The first evening was basically spent settling in, eating dinner, unpacking. I was afraid that they wouldn’t let me come to the camp if I told them I had such bad asthma, so I didn’t say anything. That meant I was in a regular cabin, where the humidity was about 1000%. (This is not the camp’s fault; Michigan gonna Michigan). I made it through that first night, but needed the non-rescue, just regular inhaler when I woke up.

Every day, you had a choice of four different classes (you can see what they are at the link posted above). For my first class, I chose Mummers Play and it was about the best decision I could have made. The leader was a professor in Toronto, and had done these plays before. I had never heard of these plays before but THEY ARE FREAKING AWESOME AND I WANT TO DO THEM IN ANN ARBOR!

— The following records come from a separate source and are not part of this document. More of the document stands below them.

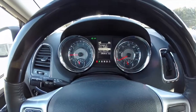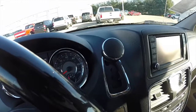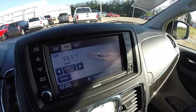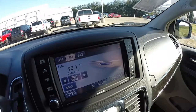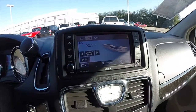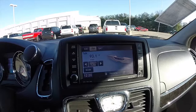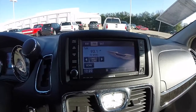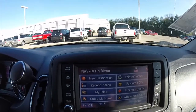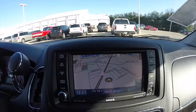The vehicle currently has 28,626 miles on it. It's equipped with a reverse camera and a Uconnect 730 touchscreen display. It's also equipped with navigation, which is Garmin-based.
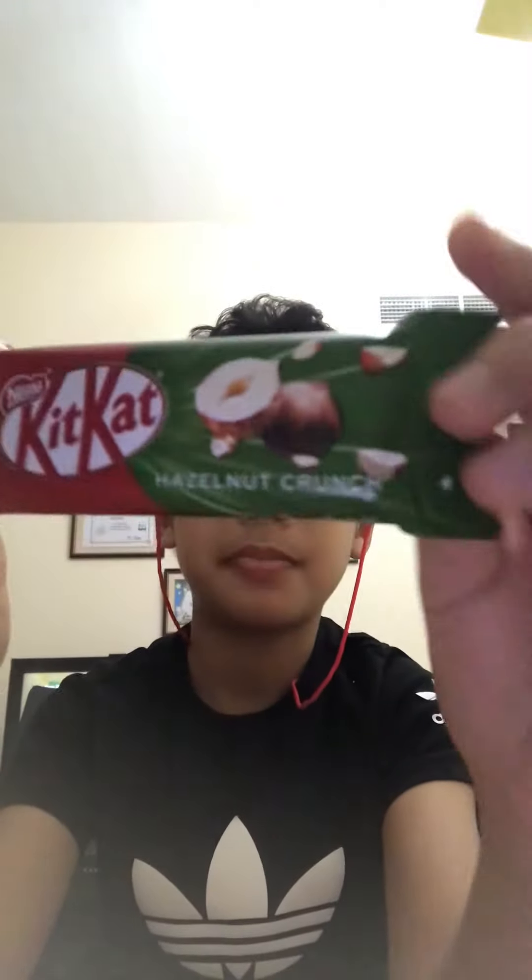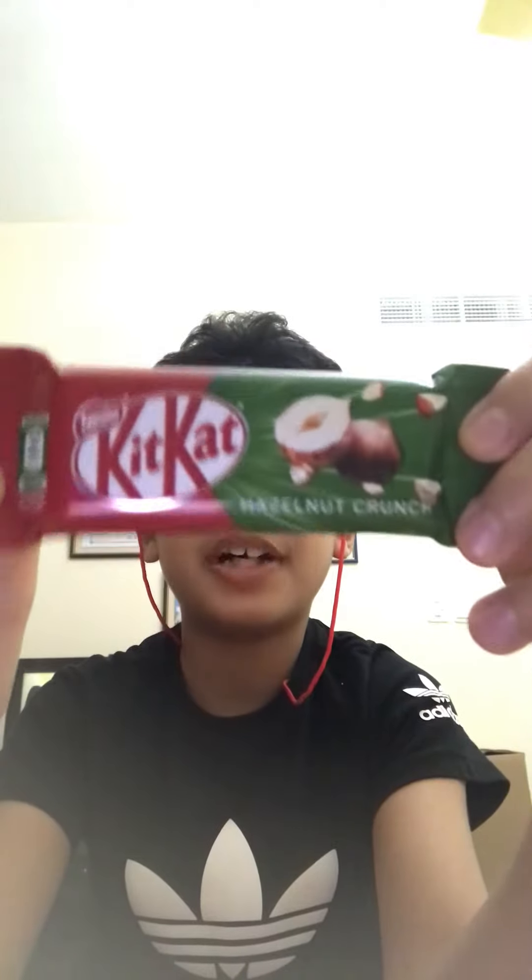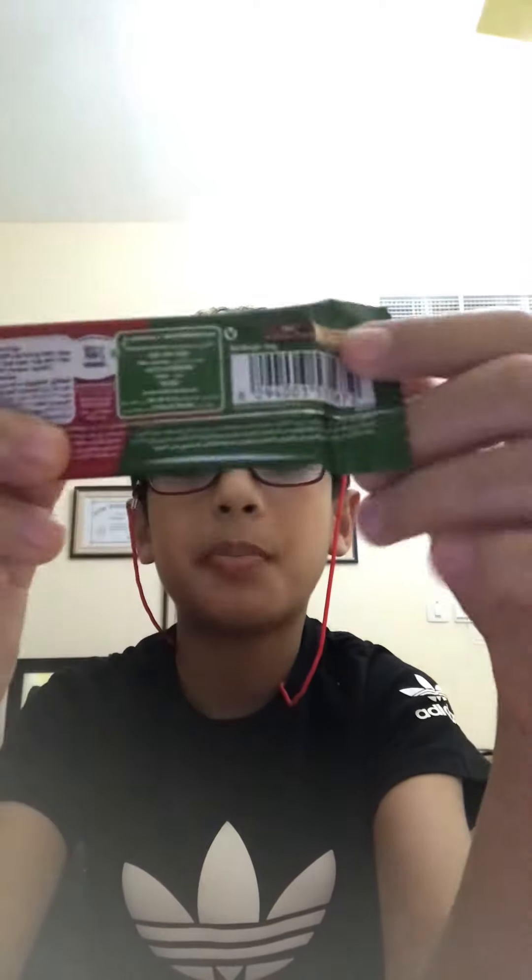Hi guys, welcome. So we have Kit Kat hazelnut crunch — I usually buy this one. That's what the back looks like.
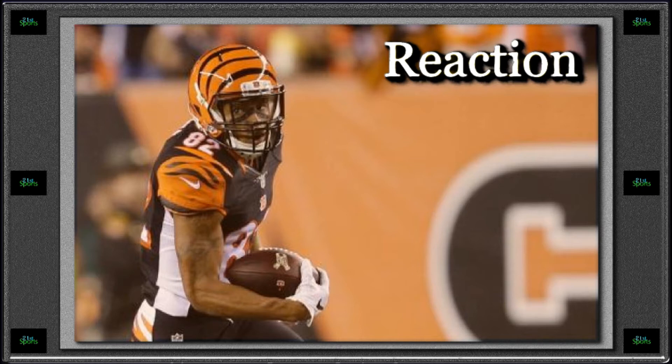On the ground for Cincinnati, Giovanni Bernard had 13 rushes for 72 yards and Jeremy Hill had 15 rushes for 52 yards. Hill caught one pass but didn't gain a yard. Bernard also caught a pass for 14 yards, giving him 86 total yards on the game. And Sanu with that one end-around — 25 yards and a touchdown.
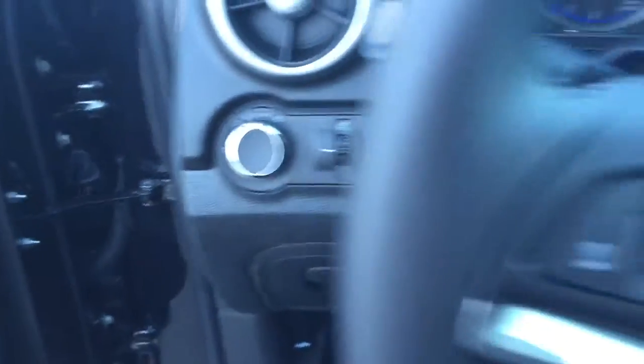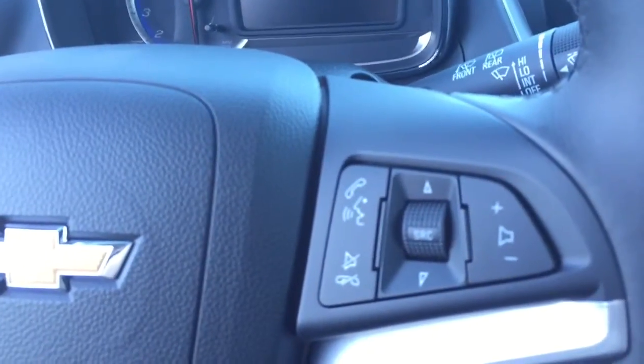Automatic headlights, and on the steering wheel we have cruise control, Bluetooth capability, and media controls.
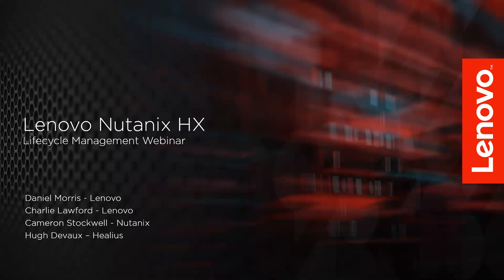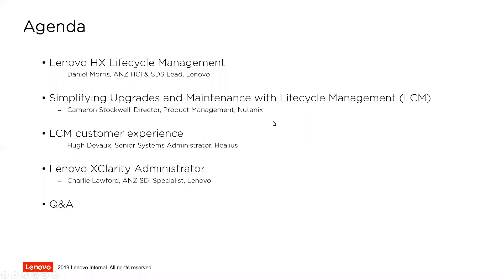I'll hand over to Dan to get us started. Thank you very much. Welcome, everyone, and thank you for joining the call. We wanted to run this webinar because as our customer base grows and as the HX product becomes more feature-rich, there are more factors involved than ever before, especially with firmware upgrades and software management. As the platform moves toward a more cloud-like maturity, we thought this would be a good time to get back to basics and explain why it's important to keep everything up to date and how to manage it in an HX environment.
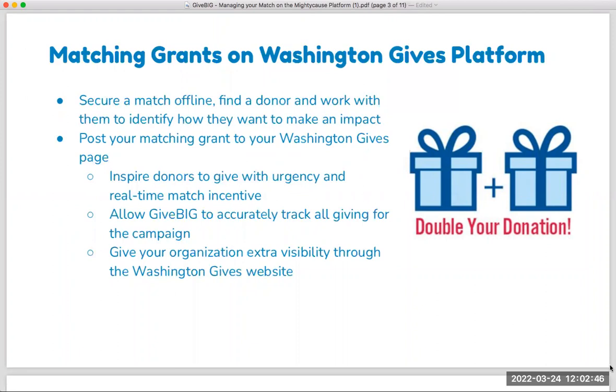High-level overview of matching grants on the platform — what can you do with it? In concept, you're going to work to secure a matching grant outside of the platform. You may have an existing matching grant donor, corporate partner, or a group of board members. Once you secure that match, you'll talk to the matching grant donor to understand their needs and goals, then come to the Washington Gives platform dashboard and post that matching grant on the platform.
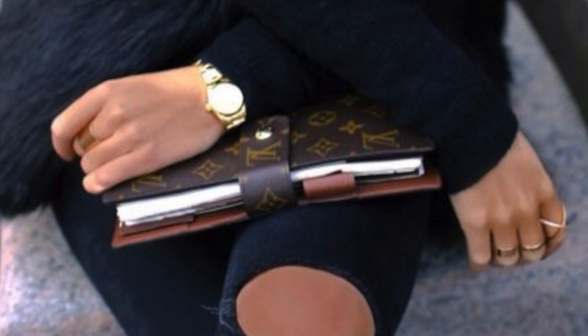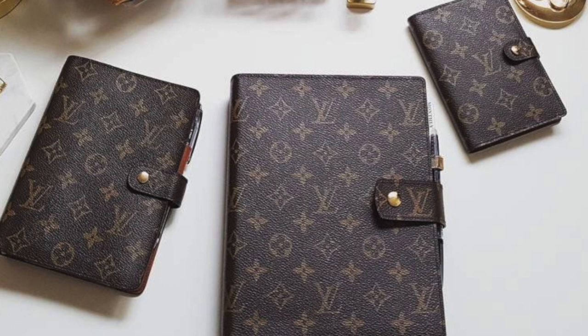Now if you're not somebody who likes agendas, or you're tech savvy and prefer to do everything on your phone, this probably isn't the best purchase for you. But I personally love to write things down — I'm old school. I have had every single Louis Vuitton agenda size: I had the PM, the MM, and this is the GM. To me the GM is the best size, though sizes are going to be very personal. I originally thought it was going to be way too big, but it's actually quite the opposite — once you open it the pages are a little bit smaller.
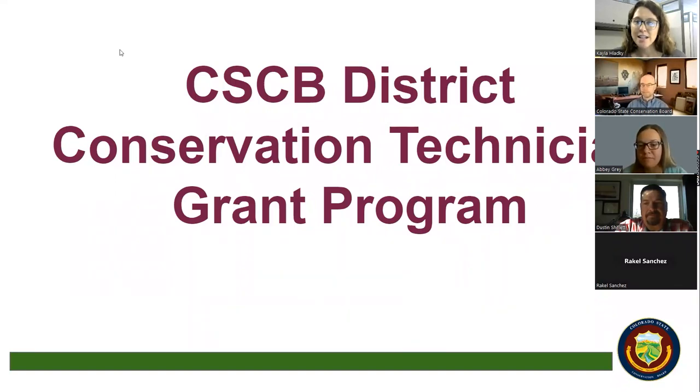Good morning everyone, welcome to our coffee hour. Abby Gray is going to be presenting, giving an overview of the District Conservation Technician program and letting us know the ins and outs of how conservation districts in good standing can become involved. If you have questions, feel free to drop those in the chat or raise your hand, and we'll also have time for questions at the end. I'll go ahead and turn it over to you, Abby.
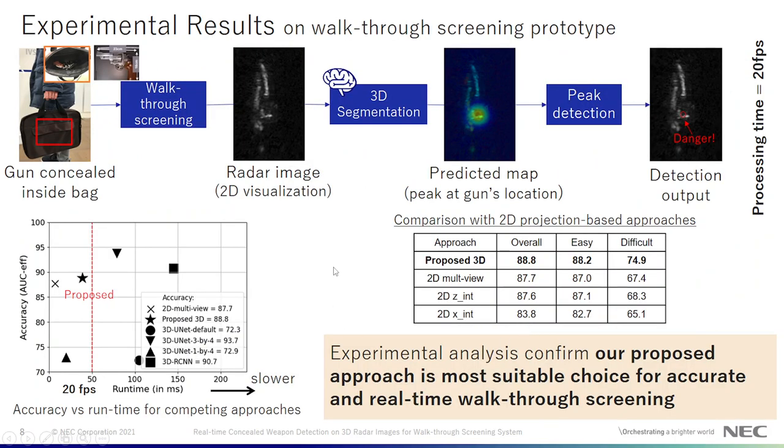We evaluate our proposed method on a walkthrough screening prototype where multiple subjects walked by concealing the weapon inside a bag or on the body, and we verify that our proposed method can detect the weapon within 20 fps. We also evaluate our proposed method by comparing it with other competing approaches for accuracy versus runtime trade-off, and verify that our approach achieves the best trade-off. We also compare our approach with 2D projection-based approaches and confirm that our approach is the best.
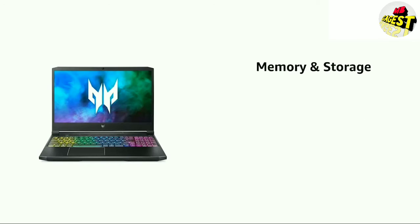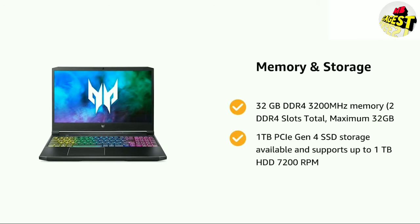It comes with 32GB DDR4-3200MHz memory, 2 DDR4 slots total, maximum 32GB, and 1TB PCIe Gen 4 SSD storage available, and supports up to 1TB HDD at 7200RPM.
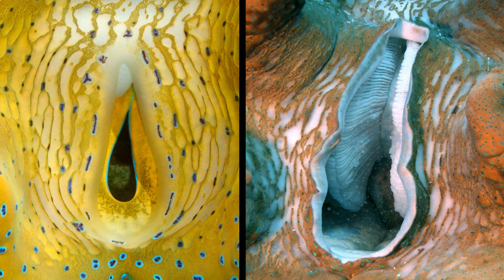The inhalant siphon is typically large, and it's often held wide open. It also lacks tentacles — it's always smooth around its border, and this is the only species of Tridacna that completely lacks siphonal tentacles.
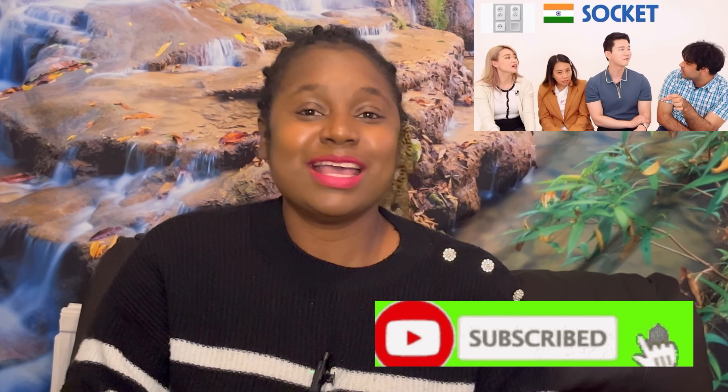Wow, all right guys — this video is so interesting to watch. It's so funny the way we pronounce and name things differently, but the most important thing is you understand what the person is saying. Let me know what you think about this video in the comment section. See you all on my next one — bye!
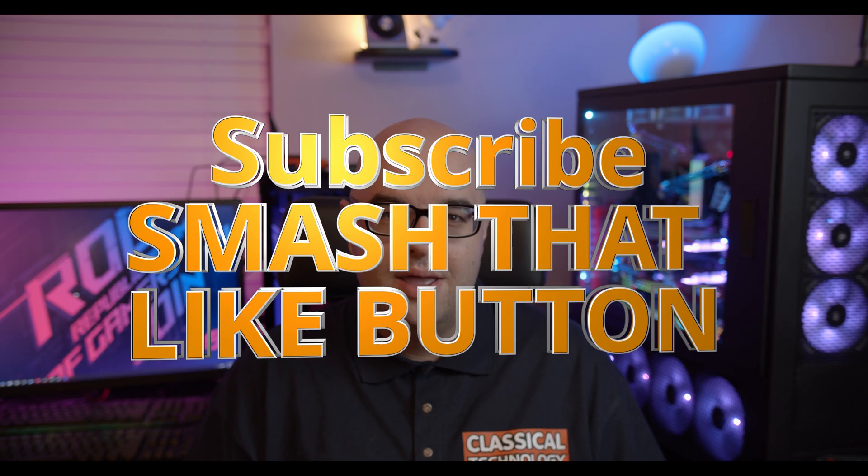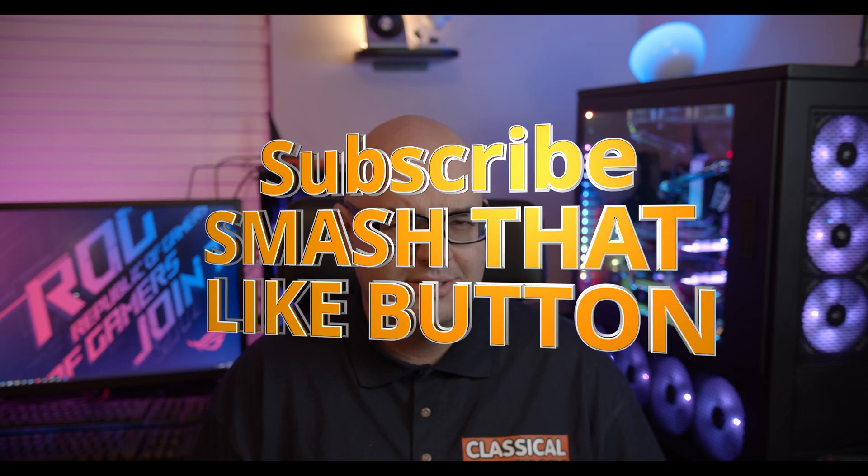Hey guys, Tiago with Classical Technology here. Thank you for joining me for another video. Please subscribe if you enjoy my content, smash that like button, leave a comment below. Have you ever gotten something on Amazon you weren't quite expecting?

The basic idea behind the Mummers Play is for amateur actors to create a play, disguise them selves, and then bust up in yo crib to put on they play. It would be nice if you were to make it rain when the players were done, but not necessary. (Interestingly, this tradition got started back in the day when peasants were eating rocks and living in shacks and the rich people were eating free range, organic golden goose and living in velvet lined houses that crapped gold. The rich people realized that maybe they should keep the peasants busy [and throw a bit of the poopy gold to them]lest they realize how unjust things really were, and that there were a lot more peasants than there were rich folks. Does this sound familiar? Because it should.)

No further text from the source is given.